/---

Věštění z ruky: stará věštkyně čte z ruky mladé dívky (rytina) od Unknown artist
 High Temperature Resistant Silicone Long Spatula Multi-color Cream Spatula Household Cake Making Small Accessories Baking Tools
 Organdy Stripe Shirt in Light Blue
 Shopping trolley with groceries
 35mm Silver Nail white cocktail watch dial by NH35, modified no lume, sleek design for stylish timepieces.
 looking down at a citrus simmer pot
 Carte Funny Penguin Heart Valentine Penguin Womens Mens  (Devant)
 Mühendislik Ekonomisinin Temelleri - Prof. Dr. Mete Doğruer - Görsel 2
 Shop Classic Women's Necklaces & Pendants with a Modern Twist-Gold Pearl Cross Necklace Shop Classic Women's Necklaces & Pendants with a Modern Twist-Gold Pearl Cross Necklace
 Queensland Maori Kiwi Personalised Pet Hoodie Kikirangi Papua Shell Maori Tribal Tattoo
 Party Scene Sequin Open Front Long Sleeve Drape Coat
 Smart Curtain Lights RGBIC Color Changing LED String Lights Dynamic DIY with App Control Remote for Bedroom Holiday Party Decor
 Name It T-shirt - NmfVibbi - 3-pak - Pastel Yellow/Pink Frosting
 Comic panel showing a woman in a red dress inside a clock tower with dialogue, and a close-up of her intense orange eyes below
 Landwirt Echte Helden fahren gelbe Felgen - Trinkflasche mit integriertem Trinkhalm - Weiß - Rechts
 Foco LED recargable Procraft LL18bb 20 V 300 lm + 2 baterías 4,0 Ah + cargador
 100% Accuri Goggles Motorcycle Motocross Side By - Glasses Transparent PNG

\---

Your task ::
Copy out the records shown above, every one, exactly.

Task answer ::
Věštění z ruky: stará věštkyně čte z ruky mladé dívky (rytina) od Unknown artist
 High Temperature Resistant Silicone Long Spatula Multi-color Cream Spatula Household Cake Making Small Accessories Baking Tools
 Organdy Stripe Shirt in Light Blue
 Shopping trolley with groceries
 35mm Silver Nail white cocktail watch dial by NH35, modified no lume, sleek design for stylish timepieces.
 looking down at a citrus simmer pot
 Carte Funny Penguin Heart Valentine Penguin Womens Mens  (Devant)
 Mühendislik Ekonomisinin Temelleri - Prof. Dr. Mete Doğruer - Görsel 2
 Shop Classic Women's Necklaces & Pendants with a Modern Twist-Gold Pearl Cross Necklace Shop Classic Women's Necklaces & Pendants with a Modern Twist-Gold Pearl Cross Necklace
 Queensland Maori Kiwi Personalised Pet Hoodie Kikirangi Papua Shell Maori Tribal Tattoo
 Party Scene Sequin Open Front Long Sleeve Drape Coat
 Smart Curtain Lights RGBIC Color Changing LED String Lights Dynamic DIY with App Control Remote for Bedroom Holiday Party Decor
 Name It T-shirt - NmfVibbi - 3-pak - Pastel Yellow/Pink Frosting
 Comic panel showing a woman in a red dress inside a clock tower with dialogue, and a close-up of her intense orange eyes below
 Landwirt Echte Helden fahren gelbe Felgen - Trinkflasche mit integriertem Trinkhalm - Weiß - Rechts
 Foco LED recargable Procraft LL18bb 20 V 300 lm + 2 baterías 4,0 Ah + cargador
 100% Accuri Goggles Motorcycle Motocross Side By - Glasses Transparent PNG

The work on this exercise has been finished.